McElwain may have made it look easy and fun to translate the excitement of wind, vast open spaces, and landforms into paintings, which then read viscerally as the earth and sky she experienced. But early on, she spent years seeking foundational art instruction that would give her a trained jumping-off place for developing this approach. Raised in rural New Hampshire, she was steeped in an appreciation of nature, taking long walks in the woods with her father and spending summers at the lakeside cabin her great-grandfather built. She later described herself as possessing a Romantic’s soul. But her first attempt at formal art education, at Hampshire College in Amherst, Massachusetts, set her in the midst of a cerebral, abstract art mindset that was the antithesis of what she sought.
Leaving college, she traveled to Florence, Italy, and spent a year studying drawing with the 82-year-old classically trained artist, Nera Simi. On her return, she made another disappointing dip into art school, this one enthralled with Minimalism, before landing at the Skowhegan School of Painting and Sculpture in Maine. There she finally found artists and mentors, including Alex Katz, who taught landscape painting as a legitimate subject of contemporary art. Then, at the University of Pennsylvania, where she earned a bachelor’s degree in fine arts, she became immersed in the study of color under the instruction of painter Neil Welliver, a student of pioneering color theorist Josef Albers. “I came to understand how light is created through the relationship of color,” she later recalled.
By the time McElwain moved to Northern New Mexico in 1985, she was ready for the clear light, high-desert hues, expansive vistas, and ever-changing weather of the place she soon came to love. “Here in the West,” she once said, “it seems that the canvas is never big enough.” Enormous works completed on location required what she called “extreme painting”: big, energetic gestures to reach all corners of the canvas and keep up with rapidly shifting conditions. It was an intense physicality reminiscent of such mid-20th-century New York School “action painters” as Jackson Pollock and Willem de Kooning.
For McElwain, the process involved the “largest possible tool for the job,” as she put it. Eliminating the brush was an intentional curb on detail, allowing her to move paint with “velocity, articulate delicacy, and sensuous impasto,” she said.
Yet while her mark-making echoed the Modernists’ focus on the painting surface and revealed abstract qualities, especially up close, her interest was not in abstraction itself.

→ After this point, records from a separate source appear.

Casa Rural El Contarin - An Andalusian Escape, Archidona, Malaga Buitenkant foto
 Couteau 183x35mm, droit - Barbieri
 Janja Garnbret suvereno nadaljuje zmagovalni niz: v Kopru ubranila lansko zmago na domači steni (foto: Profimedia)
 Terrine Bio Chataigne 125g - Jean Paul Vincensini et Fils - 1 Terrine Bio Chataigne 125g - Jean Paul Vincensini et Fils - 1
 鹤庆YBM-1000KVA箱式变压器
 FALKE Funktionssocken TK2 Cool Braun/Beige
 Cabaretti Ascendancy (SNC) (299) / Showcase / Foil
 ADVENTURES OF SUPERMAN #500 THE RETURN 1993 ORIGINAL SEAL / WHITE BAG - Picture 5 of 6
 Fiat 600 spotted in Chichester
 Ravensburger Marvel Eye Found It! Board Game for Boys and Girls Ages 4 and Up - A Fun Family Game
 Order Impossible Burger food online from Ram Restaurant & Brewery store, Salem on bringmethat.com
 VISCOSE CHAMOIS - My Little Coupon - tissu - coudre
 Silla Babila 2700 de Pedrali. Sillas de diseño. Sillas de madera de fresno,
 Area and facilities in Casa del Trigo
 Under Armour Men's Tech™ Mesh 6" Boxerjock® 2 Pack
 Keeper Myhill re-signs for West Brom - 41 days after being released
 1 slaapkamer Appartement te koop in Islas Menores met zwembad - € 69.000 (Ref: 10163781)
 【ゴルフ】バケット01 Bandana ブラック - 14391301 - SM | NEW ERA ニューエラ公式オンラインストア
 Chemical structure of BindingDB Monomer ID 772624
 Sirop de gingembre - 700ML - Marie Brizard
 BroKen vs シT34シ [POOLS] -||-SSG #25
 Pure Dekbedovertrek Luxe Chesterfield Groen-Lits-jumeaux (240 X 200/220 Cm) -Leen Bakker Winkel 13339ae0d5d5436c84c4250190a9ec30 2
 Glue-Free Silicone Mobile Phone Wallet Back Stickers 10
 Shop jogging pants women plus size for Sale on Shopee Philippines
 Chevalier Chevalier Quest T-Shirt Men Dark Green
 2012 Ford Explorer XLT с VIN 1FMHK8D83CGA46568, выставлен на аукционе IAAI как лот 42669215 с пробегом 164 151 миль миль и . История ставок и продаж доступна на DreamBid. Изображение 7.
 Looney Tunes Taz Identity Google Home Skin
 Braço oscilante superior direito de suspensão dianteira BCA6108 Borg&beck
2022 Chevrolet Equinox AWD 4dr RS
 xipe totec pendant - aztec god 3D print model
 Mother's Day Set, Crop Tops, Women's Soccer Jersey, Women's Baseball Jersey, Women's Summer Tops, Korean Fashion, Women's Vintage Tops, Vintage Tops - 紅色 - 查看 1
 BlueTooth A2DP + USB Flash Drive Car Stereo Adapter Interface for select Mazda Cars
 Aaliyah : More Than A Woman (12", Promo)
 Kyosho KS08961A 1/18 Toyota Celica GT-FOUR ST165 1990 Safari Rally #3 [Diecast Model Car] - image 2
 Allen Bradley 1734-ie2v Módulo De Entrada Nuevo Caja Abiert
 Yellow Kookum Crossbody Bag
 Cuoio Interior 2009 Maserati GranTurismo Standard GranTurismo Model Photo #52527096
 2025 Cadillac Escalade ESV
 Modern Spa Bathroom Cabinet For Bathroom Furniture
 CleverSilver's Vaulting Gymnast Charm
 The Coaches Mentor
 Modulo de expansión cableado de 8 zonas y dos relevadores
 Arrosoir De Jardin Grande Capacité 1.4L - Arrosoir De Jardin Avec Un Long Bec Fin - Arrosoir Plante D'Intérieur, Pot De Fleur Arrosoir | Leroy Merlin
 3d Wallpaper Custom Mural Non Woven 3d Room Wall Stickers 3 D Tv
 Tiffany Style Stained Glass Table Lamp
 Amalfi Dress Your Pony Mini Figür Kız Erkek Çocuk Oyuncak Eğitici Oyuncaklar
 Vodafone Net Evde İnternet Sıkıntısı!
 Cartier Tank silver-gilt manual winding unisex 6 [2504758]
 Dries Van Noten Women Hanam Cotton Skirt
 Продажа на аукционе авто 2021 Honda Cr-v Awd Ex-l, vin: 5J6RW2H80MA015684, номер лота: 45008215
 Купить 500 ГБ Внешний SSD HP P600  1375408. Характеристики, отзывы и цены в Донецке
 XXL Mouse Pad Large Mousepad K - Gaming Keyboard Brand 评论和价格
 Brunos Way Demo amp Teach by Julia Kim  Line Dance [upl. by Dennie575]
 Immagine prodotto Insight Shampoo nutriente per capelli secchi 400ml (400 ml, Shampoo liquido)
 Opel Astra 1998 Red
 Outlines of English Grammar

Rather, the passion in her art reflects both an admiration for the long tradition of representational landscape painting and her own in-the-moment connection with the land. That connection often led her to leave small bits of dirt, stone, grass, insects, or broken glass in the painting if they blew into it while she worked. As she explained, “Rather than a vignette that gives an idea of a piece of a landscape that’s disembodied from my actual relationship to it, what I’m painting is my relationship to it.”
As McElwain matured artistically, her style became even looser, stronger, more confident, and involved a greater amount of paint, Erickson says. “It was much more expressionistic, wild, and free.” Over the years, as well, she cultivated an ever more profound relationship with certain vistas, among them the oxbow curve of the Chama River and the iconic red cliffs of Georgia O’Keeffe fame near Abiquiú, New Mexico.
Parking her truck and attaching an easel to the back to take in the view of these spots, time and again, never felt like repetition to her. Instead, she said, her deepened connection to beloved places was part of what allowed her to “take greater leaps into larger canvases, surrendering to the inquiry, and to paint with ever more trust and joy.”
Indeed, as Sublette explains, “Art and Louisa McElwain are synonymous. The focus and joy she generated with each canvas will be her lasting legacy.”